いまだに(13年前の)離婚に戸惑い続ける枡野さんに対し、「奥さんは着々と離婚へ向けて手を打っていたとしか思えませんね!」と言い切る植本さん。女は自分の夫を誇りながらも、しかし同時にほかに好きな人を作ってしまう。そして男は「なぜ自分はダメだったんだろう」と悩みつづけ、息子の父としても臆病になってしまう……。あからさまで赤裸々な対談シリーズ、いよいよ佳境で火宅な、第3回です!
(構成/藤井良樹)
「一番怖いのは熟年離婚です」(植本)
植本 私は、いまはそんな(夫婦間で)会話ないですけど、前は(夫の)石田さんにはなんでも言ってましたね。なんでも言っちゃうという延長線上で、「好きな人ができた」っていう話もしたし、「もうあなたとはできない」っていう話もできたんだと思うんですよね。
枡野 それ言われたときの石田さんは「無」なんですか?
会場 (笑)
枡野 「おれともしてよ」とか言わないんですか?
植本 言わない言わない言わない! もともとなかったし。
枡野 ラップで暗喩で「やりたい!」とか言ってたりしないの?
植本 暗喩? メタファー?
枡野 それが実は「絶対つくるぞ3人目」(前出)だったのかも。
植本 だったのかな~? でもだったらもっとわかりやすくしてほしかったし、言ってほしかったなっていうのはある。圧倒的にコミュニケーションが足りなかった。言葉もカラダも。でも、それが、私がほんとの自分になるきっかけになったと思うんですよねえ。
枡野 ふ~ん。
植本 ほんとの自分になるきっかけ……あははは(笑)。私、いま、楽です、すごく!
枡野 この本(『かなわない』)で印象的だったのは、私はECDの奥さんであることに慣れた、みたいなことが書いてある(p.46下段やp.148下段)かと思えば、ECDと切り離した植本一子として本を出したい、みたいな記述(p.133)もあるわけじゃないですか。そこは前回対談した紫原明子さんもおっしゃってて、「私は家入一真の妻じゃなくて、私という人間が受け入れられて支持される喜びを感じてしまったので、離婚をした」って。そういうのはありました? やっぱり写真家の植本一子としてやっていきたい?
植本 ありますよ! どっちもあります! ECDの奥さんといわれるのも別にいいなって思えるときもあるし、植本一子として見られたいっていう部分もありますし。

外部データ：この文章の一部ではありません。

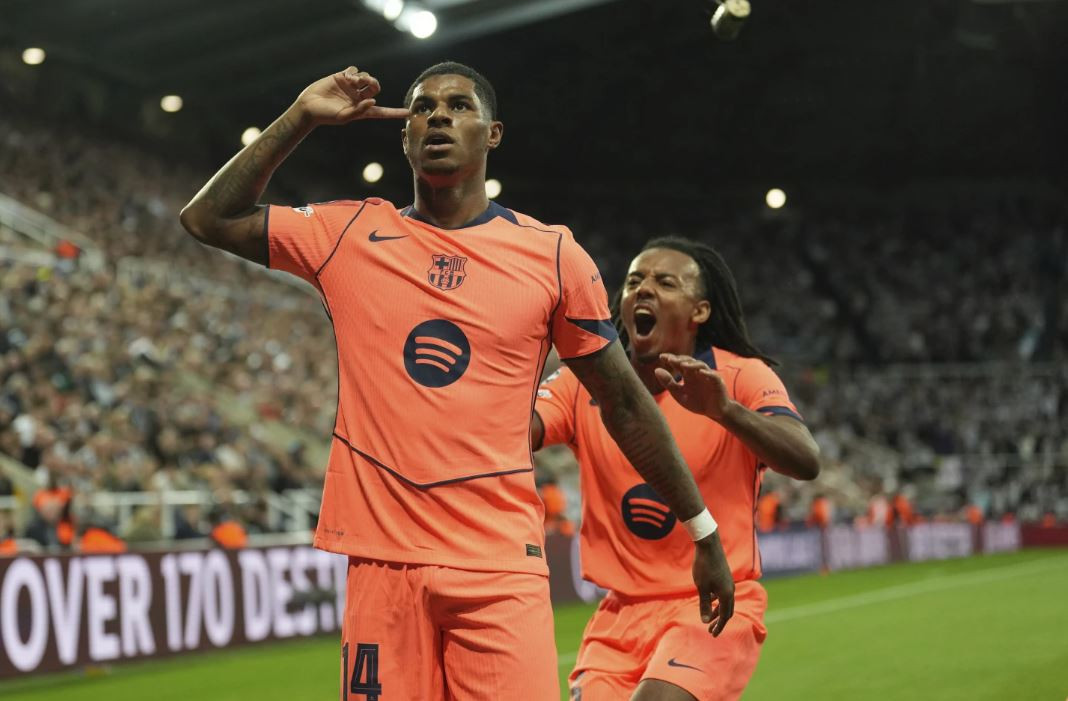Rashford impresses with first goals for Barcelona as Tuchel watches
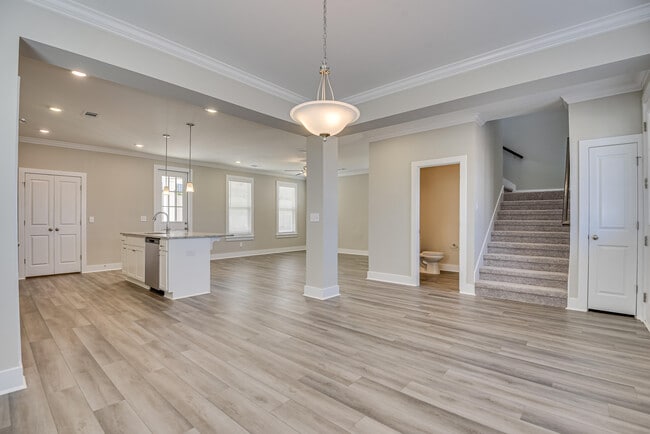 Photo - 4045 Evans to Locks Rd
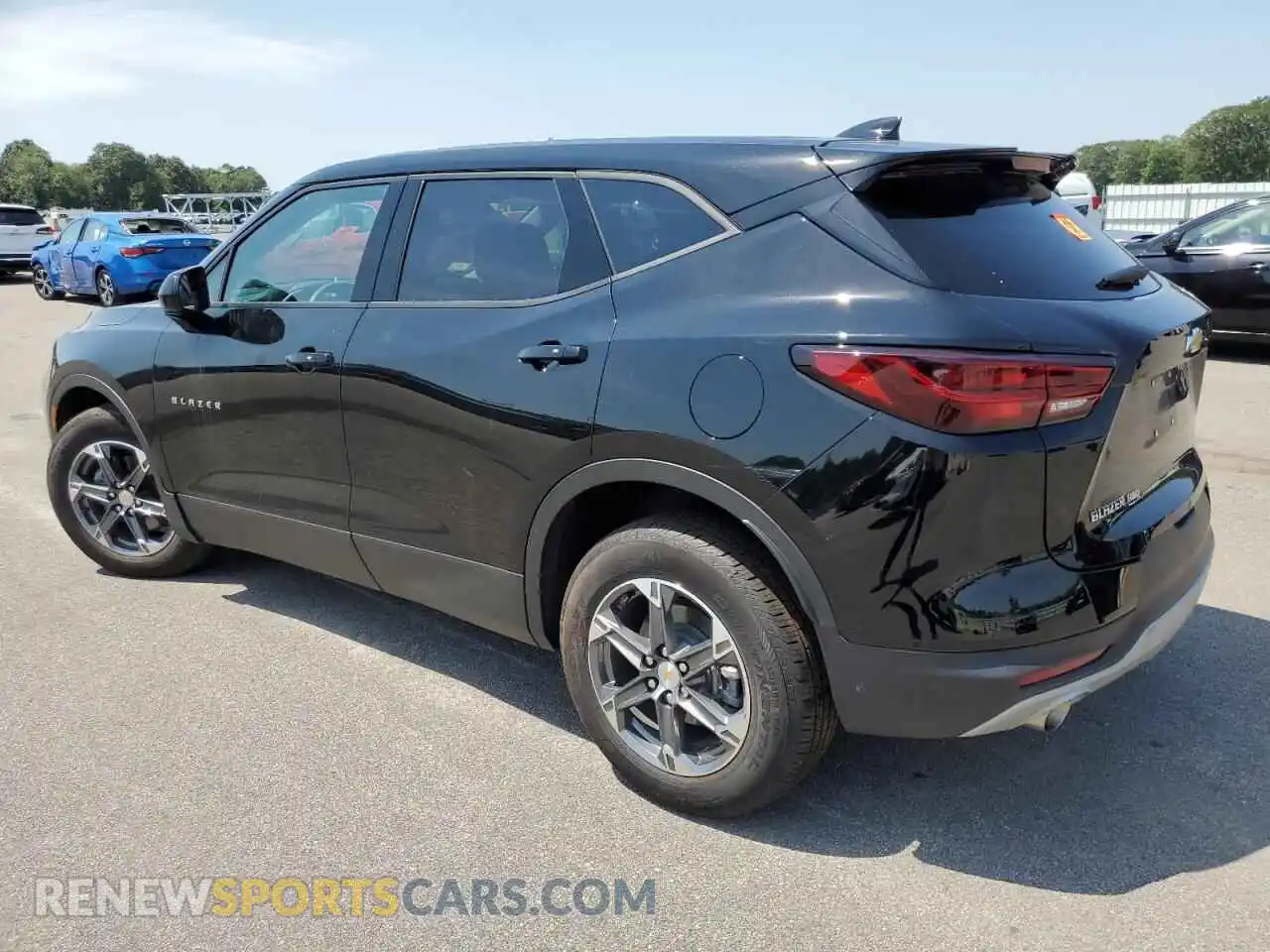 2 Photograph of a damaged car 3GNKBHR44SS151482 CHEVROLET BLAZER 2025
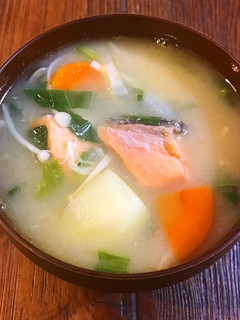 旨味たっぷり♡鮭と根菜と茸のお味噌汁-レシピのメイン写真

枡野 ECDさんの奥さんであることに誇りはあるんですか?
植本 誇り? う~ん。
枡野 ファンがいるわけじゃないですか、ECDさんのファンが。そのファンが「なんであんな植本一子みたいな奔放な女と! 私だったらあんな目にあわせないのに! かわいそうなECDさん!」って思う人もいると思うんですよ。そういうのはどうですか?
植本 そういう人が現れたらいいと思っていますね。石田さんが「誰かに助けてほしい」とどっかで思っているなら、そういう人に助けてもらったらいいんじゃないですか。でも離婚はしないと思います。でももし石田さんが離婚したいっていうなら考えますし……考えますよ! そうなったら、一番いい方法を探りたいなっていうところはあります。
枡野 お子さんはお父さんやお母さんにはどんな接し方なんですか? お父さんがラッパーであることは気づいてるのかな?
植本 気づいてます、気づいてます、気づいてますよ。まぁ家ではもうそんなラップしないですけど、ライブに連れてったりもしてるし。お父さんのほうが断然好きだと思います。接する時間も多いし……お父さん弱い……言いなり……子どもの言いなりです(笑)。(子どもは石田さんに)「Youtube貸して!」ですよ、そうそう「iPhone貸して!」。でも、うちは夫婦ふたりでバランスとってると思ってるんですけどね。
枡野 うちは経済力が圧倒的にむこう(元奥さん)が大きかったから、僕がひとりで自立してないんじゃないかという疑いを彼女は持っていて。僕はアパート借り(ら)れるくらいの収入はあったし、だったら「じゃあちょっとひとり暮らししてみて」っていうことになったんだと思う。でも僕は結婚当初は「ふたり合わせたらこんなに収入があるのに、なんでそんなに金のことばっかし言うんだろう?」って思ってましたよ。あと家賃を僕が負担してたときは、一軒家を借りてて家賃が高かったから、すぐ僕のお金がなくなっちゃって。それで奥さんにお金借りて払ってたんですよねえ。なんでそんなことしてたのかなぁ。洗脳されてたのかも……。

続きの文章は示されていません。